### THE TASK
Nothing but the text of the records belongs in your answer: repeat all of it exactly and leave out the images.

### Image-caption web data
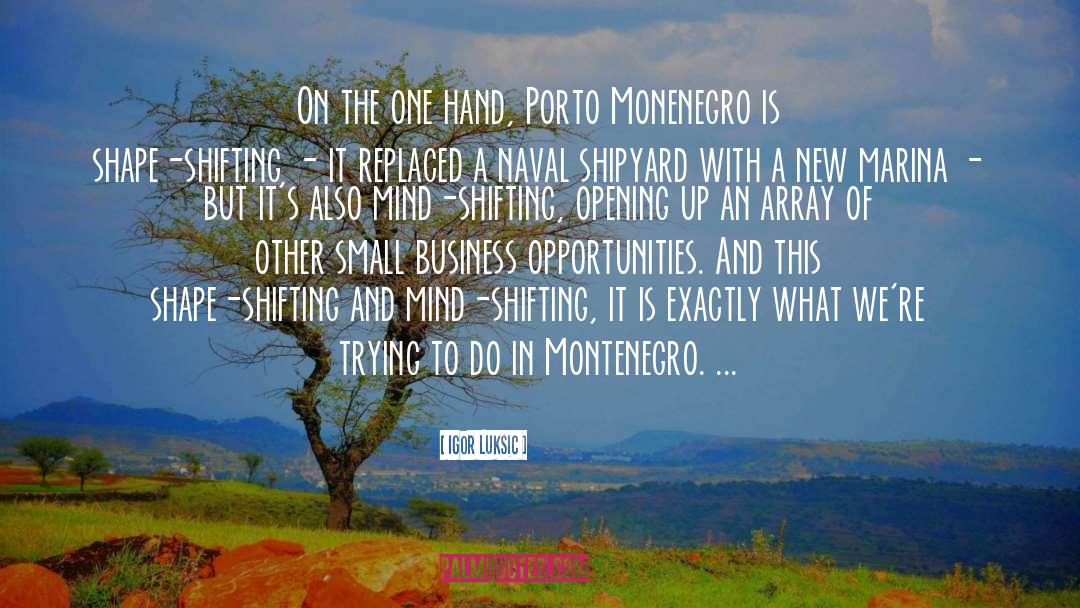 Montenegro Amaro quotes by Igor Luksic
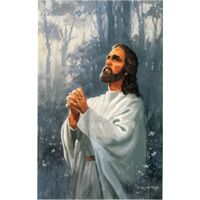 Jesus Praying Postcards (Pkg of 50)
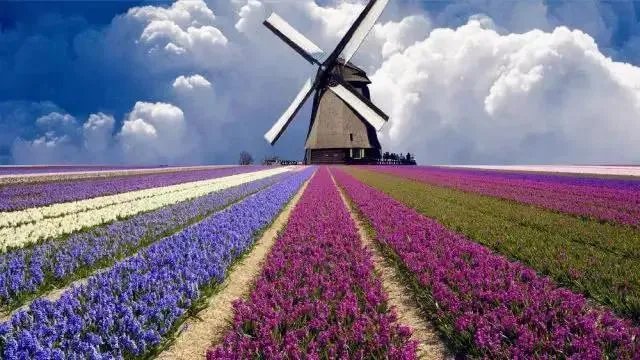 安庆怀宁县的基本概况是怎样的呢？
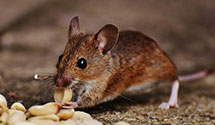 24 Hour & Emergency Exterminators in Forkston Twp, PA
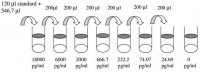 Human TIMP-1 ELISA Kit RAB0467-1KT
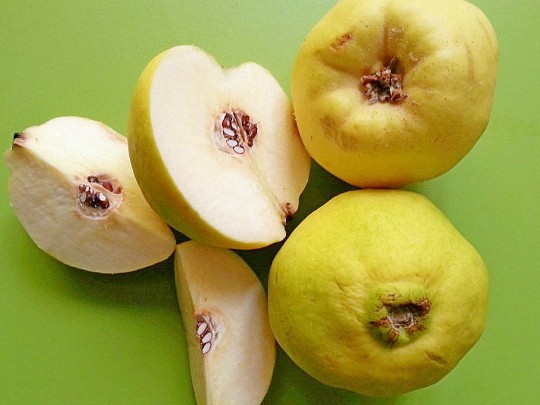 варенье из айвы, рецепты на зиму 1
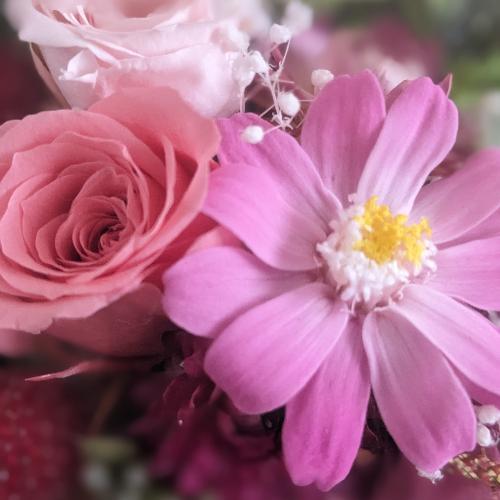 �v���U�[�u�h�t�����[�y�Ԋ�z3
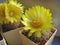 Specimens of different cacti from genus Parodia with yellow flowers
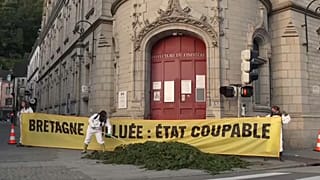 Un activista coloca algas verdes frente a la Prefectura. Detrás, una pancarta reza: "Bretaña contaminada: Estado culpable"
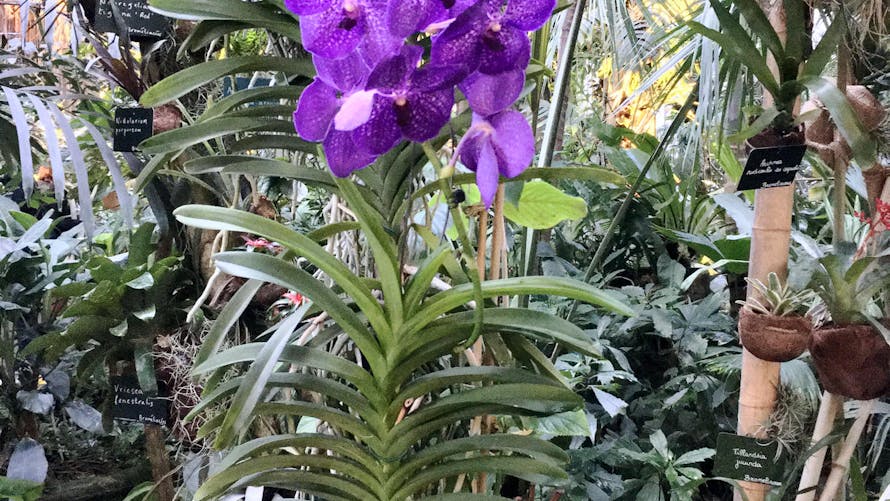 Orchidée suspendue dans les serres du jardin des Plantes de Paris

### OUTPUT OF THE EXERCISE
 Montenegro Amaro quotes by Igor Luksic
 Jesus Praying Postcards (Pkg of 50)
 安庆怀宁县的基本概况是怎样的呢？
 24 Hour & Emergency Exterminators in Forkston Twp, PA
 Human TIMP-1 ELISA Kit RAB0467-1KT
 варенье из айвы, рецепты на зиму 1
 �v���U�[�u�h�t�����[�y�Ԋ�z3
 Specimens of different cacti from genus Parodia with yellow flowers
 Un activista coloca algas verdes frente a la Prefectura. Detrás, una pancarta reza: "Bretaña contaminada: Estado culpable"
 Orchidée suspendue dans les serres du jardin des Plantes de Paris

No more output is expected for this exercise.